Tag: Butter and Eggs

Picture of the Day for September 7, 2020

The sun was able to shine on this flower for a time in the morning before the rain moved in. It is a later blooming plant, even into October, so it is more noticeable in the fall as the other flowers tamper off. It is not a native flower and is considered an invasive weed which has several dozen different names for it. The names I am used to is butter-and-eggs, wild snapdragon and yellow toadflax but some other interesting names are calf’s snout, dead men’s bones, bunny haycocks and impudent lawyer.

Butter-and-Eggs Blossom

Butter-and-Eggs Blossom

Picture of the Day for July 14, 2015

These wildflowers are usually provide the last color before winter sets in, so I hope that doesn’t mean winter is approaching fast with them blooming now. The Butter-and-eggs, or yellow toadflax, is another flower introduced from Europe which is now common in North America and considered a weed which has a lot of other names including bunny mouths, calf’s snout, dead men’s bone, wild snapdragon and about 30 other names.
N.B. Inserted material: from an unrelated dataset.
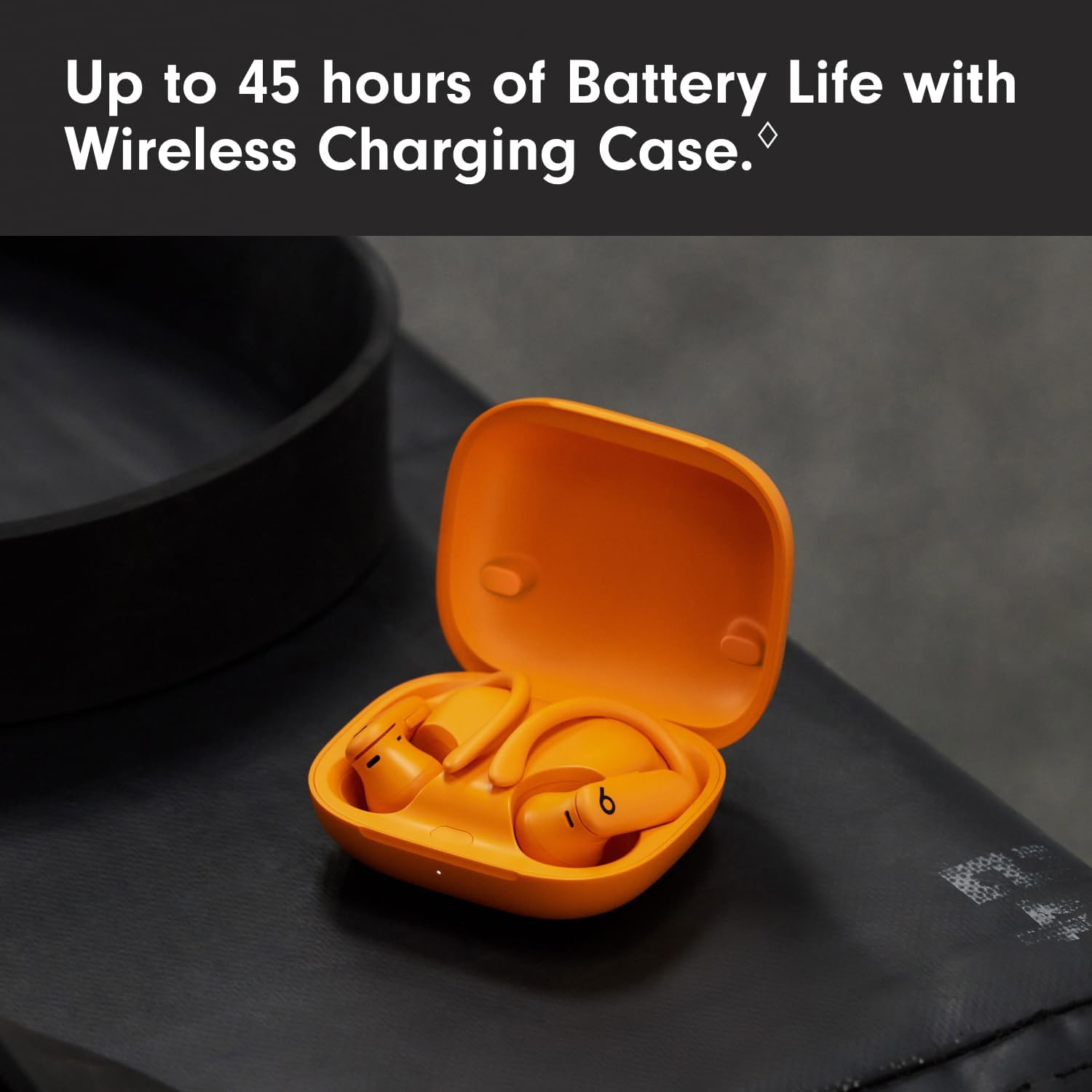 Beats Powerbeats Pro 2 Wireless Bluetooth Earbuds - Noise Cancelling, Heart Rate Monitor, IPX4, Up to 45H Battery & Charging Case, Works with Apple & Android - Electric Orange (Renewed)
Butter-and-Eggs by the Pond

Butter-and-Eggs by the Pond

 

Picture of the Day for October 24, 2012

It is getting harder to find bright colors as the fall continues its march to winter but occasionally some yellow dandelions or other yellow flowers might be spotted like these Butter-and-eggs also known as Common Toadflax or Yellow Toadflax. While native to Europe and other parts of the world, the Butter-and-eggs were not native to North America but have been introduced and now very common along roads ditches and disturbed lands and is considered as a weed, although sometimes cultivated for cut flowers and used in folk medicine for a variety of ailments.

Because this plant grows as a weed, it has acquired a large number of local names, including brideweed, bridewort, butter and eggs, butter haycocks, bread and butter, bunny haycocks, bunny mouths, calf’s snout, Continental weed, dead men’s bones, devil’s flax, devil’s flower, doggies, dragon bushes, eggs and bacon, false flax, flaxweed, fluellen, gallweed, gallwort, impudent lawyer, Jacob’s ladder, lion’s mouth, monkey flower, North American ramsted, rabbit flower, rancid, ransted, wild flax, wild snapdragon, wild tobacco, and yellow rod.

Like snapdragons (Antirrhinum), they are often grown in children’s gardens for the “snapping” flowers which resembles the face of a dragon that opens and closes its mouth when laterally squeezed thus the flower ‘snaps’ or ‘talks’.